MATERIAL SHOWN:
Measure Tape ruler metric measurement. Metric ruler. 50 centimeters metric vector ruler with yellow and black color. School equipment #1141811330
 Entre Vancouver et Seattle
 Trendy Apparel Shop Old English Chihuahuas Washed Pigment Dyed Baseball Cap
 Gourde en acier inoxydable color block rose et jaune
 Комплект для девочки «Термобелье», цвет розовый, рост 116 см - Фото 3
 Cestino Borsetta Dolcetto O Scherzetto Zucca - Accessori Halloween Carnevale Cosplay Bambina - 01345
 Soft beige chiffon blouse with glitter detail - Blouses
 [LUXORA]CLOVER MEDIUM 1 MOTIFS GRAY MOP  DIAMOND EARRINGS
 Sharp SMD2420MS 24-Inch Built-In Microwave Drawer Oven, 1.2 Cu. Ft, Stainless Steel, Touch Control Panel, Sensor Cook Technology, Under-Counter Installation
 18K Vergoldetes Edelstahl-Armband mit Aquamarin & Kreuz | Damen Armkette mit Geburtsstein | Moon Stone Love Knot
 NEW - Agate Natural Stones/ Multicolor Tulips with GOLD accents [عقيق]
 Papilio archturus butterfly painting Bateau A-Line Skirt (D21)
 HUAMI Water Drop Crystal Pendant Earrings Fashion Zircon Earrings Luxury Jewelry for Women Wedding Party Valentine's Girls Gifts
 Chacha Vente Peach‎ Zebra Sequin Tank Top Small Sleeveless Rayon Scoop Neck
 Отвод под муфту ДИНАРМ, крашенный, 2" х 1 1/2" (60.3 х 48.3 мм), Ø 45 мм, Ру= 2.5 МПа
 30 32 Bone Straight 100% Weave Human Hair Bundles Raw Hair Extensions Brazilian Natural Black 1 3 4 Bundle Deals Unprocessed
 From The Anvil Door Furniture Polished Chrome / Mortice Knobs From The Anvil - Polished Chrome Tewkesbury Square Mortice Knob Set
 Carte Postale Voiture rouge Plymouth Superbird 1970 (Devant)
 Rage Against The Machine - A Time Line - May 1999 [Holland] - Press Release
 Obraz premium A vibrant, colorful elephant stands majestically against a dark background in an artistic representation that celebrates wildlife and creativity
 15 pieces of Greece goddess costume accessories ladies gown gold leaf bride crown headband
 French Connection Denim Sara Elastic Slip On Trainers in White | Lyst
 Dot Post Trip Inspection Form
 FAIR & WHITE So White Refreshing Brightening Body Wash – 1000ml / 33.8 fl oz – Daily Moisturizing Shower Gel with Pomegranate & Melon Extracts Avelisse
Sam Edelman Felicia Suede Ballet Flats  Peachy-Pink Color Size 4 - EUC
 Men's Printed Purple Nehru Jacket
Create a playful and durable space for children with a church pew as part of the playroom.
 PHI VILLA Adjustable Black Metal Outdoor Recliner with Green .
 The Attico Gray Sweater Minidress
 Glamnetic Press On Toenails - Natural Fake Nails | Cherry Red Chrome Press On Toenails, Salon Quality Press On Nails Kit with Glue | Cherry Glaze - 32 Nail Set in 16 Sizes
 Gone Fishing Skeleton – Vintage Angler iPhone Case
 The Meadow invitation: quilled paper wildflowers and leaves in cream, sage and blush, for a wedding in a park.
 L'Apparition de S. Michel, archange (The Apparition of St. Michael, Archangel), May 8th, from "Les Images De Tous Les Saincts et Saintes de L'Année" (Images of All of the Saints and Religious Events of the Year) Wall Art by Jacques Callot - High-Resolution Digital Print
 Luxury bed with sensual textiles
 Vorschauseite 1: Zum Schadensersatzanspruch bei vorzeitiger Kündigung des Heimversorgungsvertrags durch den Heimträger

THE PROBLEM: Note each line above that contains "Luxury" and copy it out.

RESULT BELOW:
 HUAMI Water Drop Crystal Pendant Earrings Fashion Zircon Earrings Luxury Jewelry for Women Wedding Party Valentine's Girls Gifts
 Luxury bed with sensual textiles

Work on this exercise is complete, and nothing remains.